Under the plan, EU businesses would henceforth be banned from purchasing  Syrian bonds or offering the country reduced interest rates; issuing any insurance – other than health insurance – to Syrians; providing Syria with internet surveillance software; and participating in oil or power-plant projects in Syria.

The banking sector would also be affected under the plan, with Syrian lenders prohibited from opening new branches in the EU and European banks banned from setting up joint ventures with their Syrian counterparts.

The EU’s foreign ministers are additionally expected to apply travel bans and asset freezes to another 12 people and a dozen entities in Syria when they meet on Thursday, in response to a continuing crackdown on Syrian regime opponents.

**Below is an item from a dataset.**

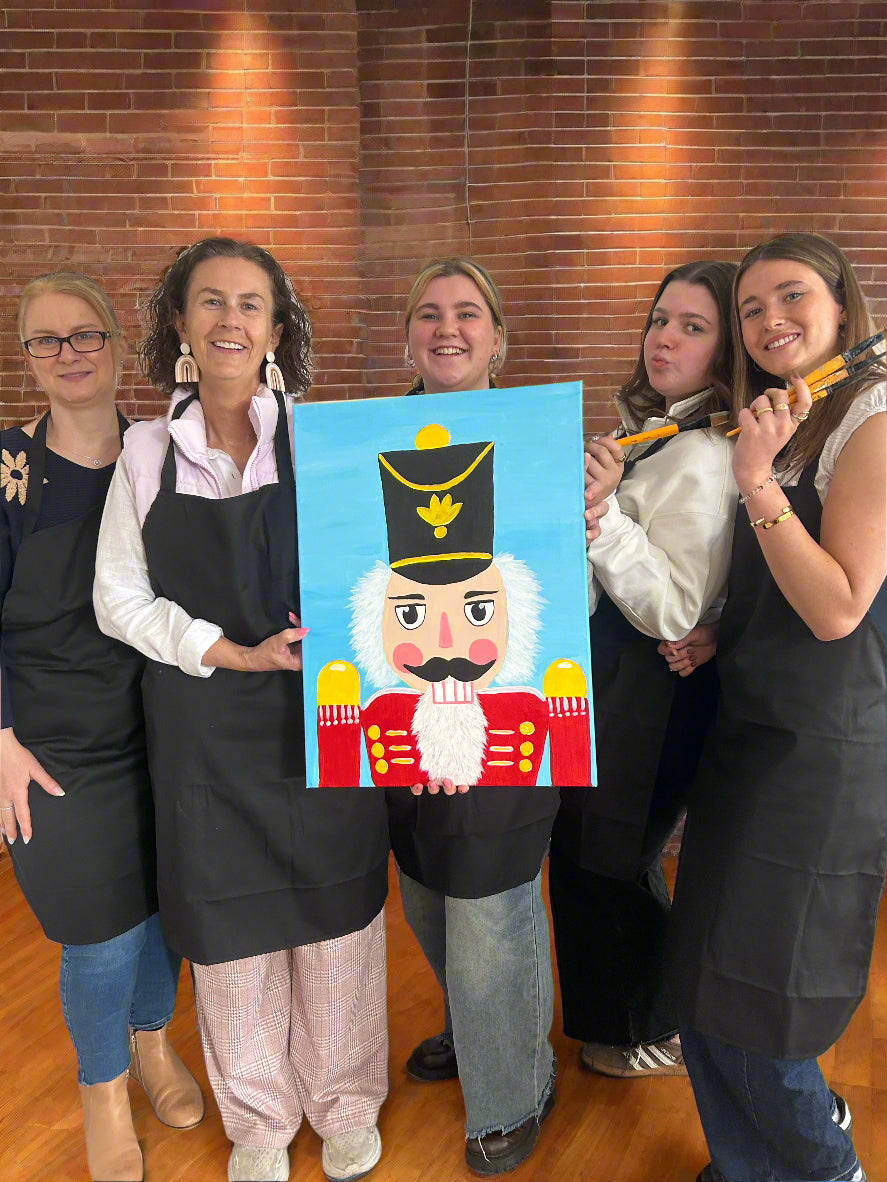 ladies holding a painting of the nutcracker and smiling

The proposed measures have gained widespread support, the diplomats said. The EU had previously imposed an arms embargo on Syria, banned the import of  Syrian oil and blacklisted 74 people and 19 entities.

Iran is also due to be a prime focus at the ministerial meeting.

Another 37 people and 143 entities expected to be hit with travel bans and asset freezes in the wake of an International Atomic Energy Agency report that accused the country of having tested designs for a nuclear warhead.

The report has spurred some – most notably French officials – to call for a ban on the import of Iranian oil, but that proposal is proving more controversial, diplomats said.

EU firms are already prohibited from investing in the Iranian oil sector. The EU has also blacklisted 76 people and 290 entities in the  Middle Eastern country.